Oil well production continues to increase due to advances in hydraulic fracturing, according to a report from Breitbart News Network. The publication noted the continuous improvement in production is analogous to the growth of computer processing. Just as Moore’s Law projected the speed of processing chips would double every two years, technological innovations in hydraulic fracturing have led to roughly doubled productivity every two years, according to the publication.
“Oil wells have remained commercially viable despite declining U.S. oil prices.”
Though the number of rigs operating in the country has declined from its peak of 1,600 a day in October 2014 to 675 in September 2015, productivity continues to improve, Breitbart reported. Additionally, oil wells have remained commercially viable despite declining U.S. oil prices.
Fortune magazine reported that improved technologies and increased productivity lowered the “break even” cost for fracking to remain profitable. While experts previously believed oil barrels needed to sell at $85 or $90 a barrel for the industry to remain viable, the recent decline to $65 a barrel and below resulted in no significant economic harm, the publication found. In fact, increased productivity allowed oil production in the United States to increase from an average of 5 million barrels a day in 2008 to more than 9 million in 2014, decreasing America’s reliance on foreign oil and adding new jobs to the economy. It’s also not unprecedented for oil prices to drop, Fortune added. Crude oil prices hovered below $25 a barrel from the mid-1980s to late 2003.
“The boom in fracking production has decreased America’s dependence on foreign oil.”
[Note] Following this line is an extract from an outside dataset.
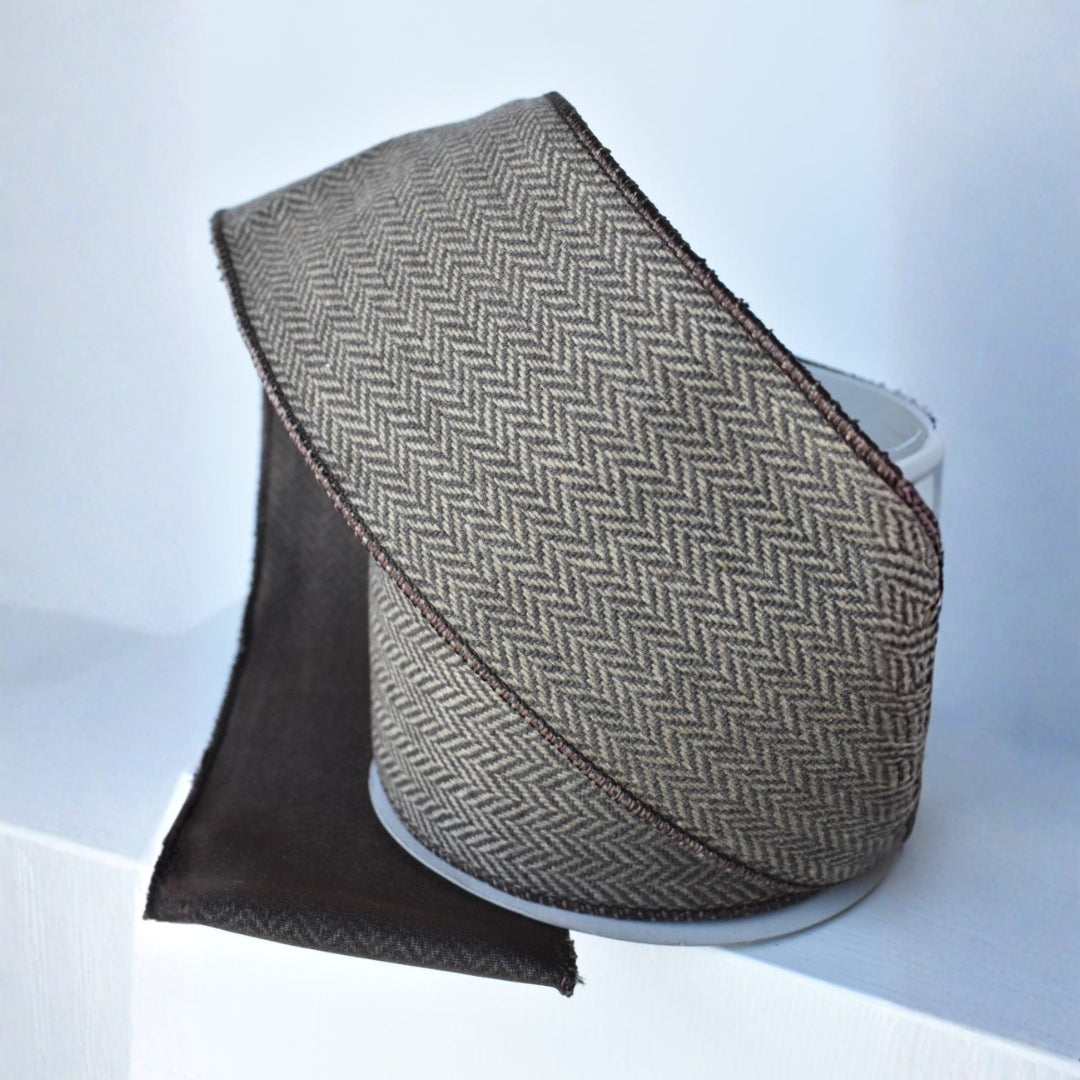 Brown Tan Woven Herring Bone Ribbon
According to a report in National Journal, increased fracking production has also allowed for a bipartisan national budget agreement, as well as government sale of foreign oil that increased funding for infrastructure support and humanitarian efforts.
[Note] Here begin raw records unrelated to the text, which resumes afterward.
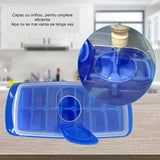 Forma Pentru Cuburi De Gheata 14 Cuburi, Reutilizabil, Plastic Alimentar, Cu Capac, Orificiu Umplere, Dreptunghiulara, 29.5 X 12.5 X4 Cm, Albastru - vivimall.ro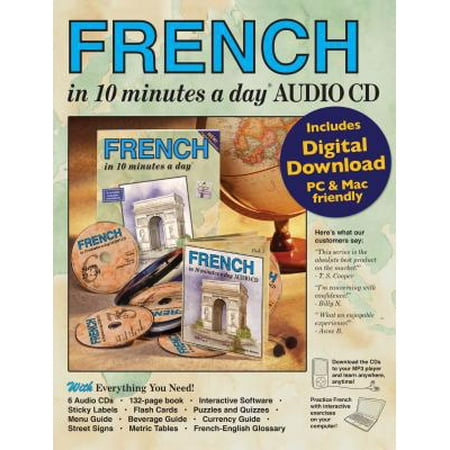 French in 10 Minutes a Day Audio CD : Language Course for Beginning and Advanced Study. Includes Workbook, Flash Cards, Sticky Labels, Menu Guide, Software, Glossary, Phrase Guide, and Audio Cds. Grammar. Bilingual Books, Inc.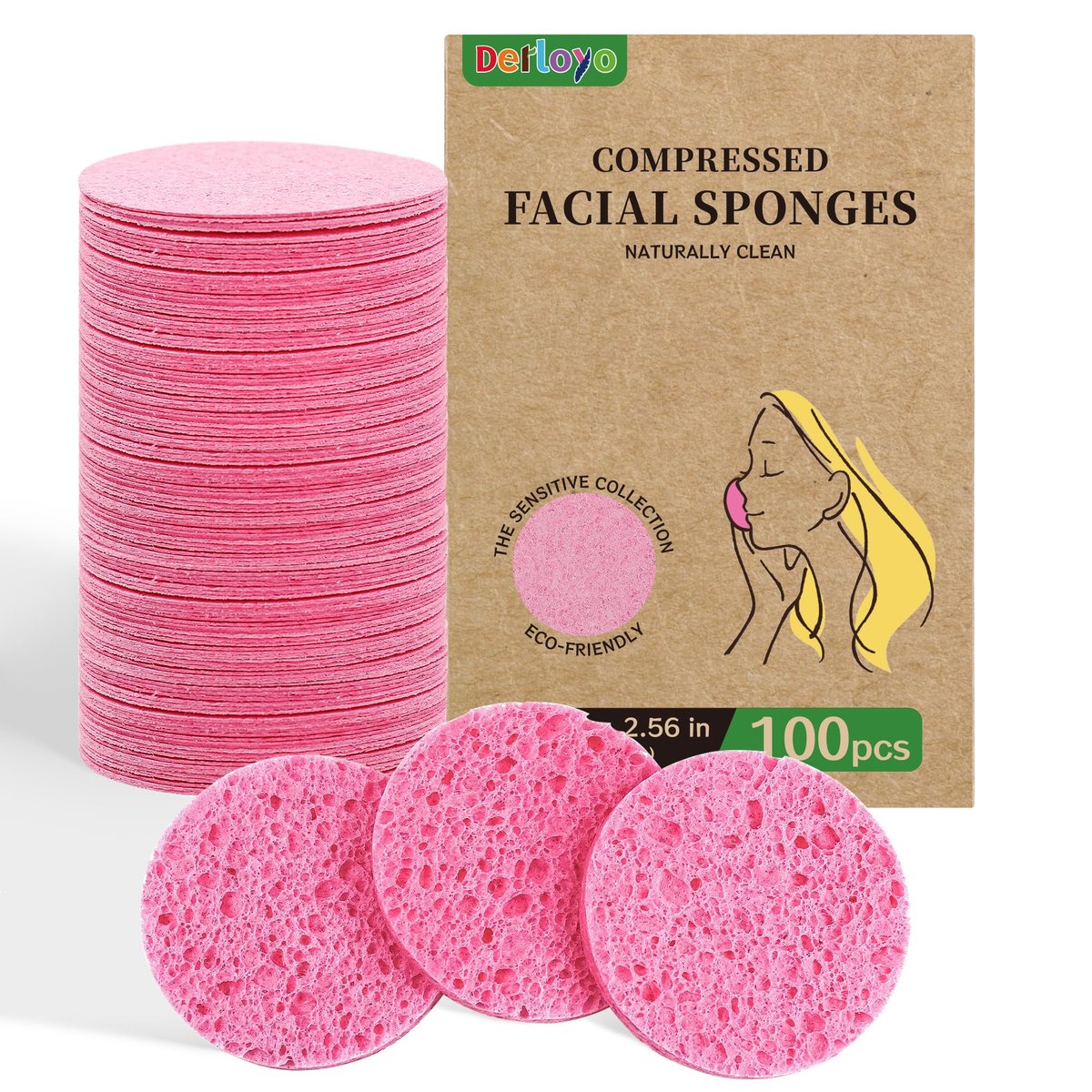 100-Count Compressed Facial Sponges - Natural Cellulose Face Sponges for Cleansing, Exfoliating, Makeup Removal & Spa Use - Travel Skincare Essentials for Women - görsel 1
The Obama administration and the Republican-controlled U.S. Senate struck a deal to raise federal funds by selling Gulf Coast oil barrels from the U.S. Strategic Petroleum Reserve. The legislation, known as the Bipartisan Budget Act of 2015, would not have been possible without the increase in domestic oil production attributed to fracking, the National Journal reported. The budget deal calls for selling 58 million barrels of SPR oil over seven years, which could raise as much as $5 billion.
Previous legislation that tapped funds from SPR oil sales includes Senate-backed transportation programs and the House’s 21st Century Cures Act. As reported by Bloomberg, the House legislation would fast-track lifesaving drug development and increase funding for medical research by streamlining clinical trials, offering economic incentives to drugmakers to develop new antibiotics and increasing support of the National Institutes of Health through a $9.3 billion research fund.
According to National Journal, the boom in fracking production has decreased America’s dependence on foreign oil, with average imports falling to 6 million barrels per day, down from an estimated 10 million per day in 2005. The increase in domestic oil allows the government to sell reserves from the SPR while still meeting International Energy Agency requirements.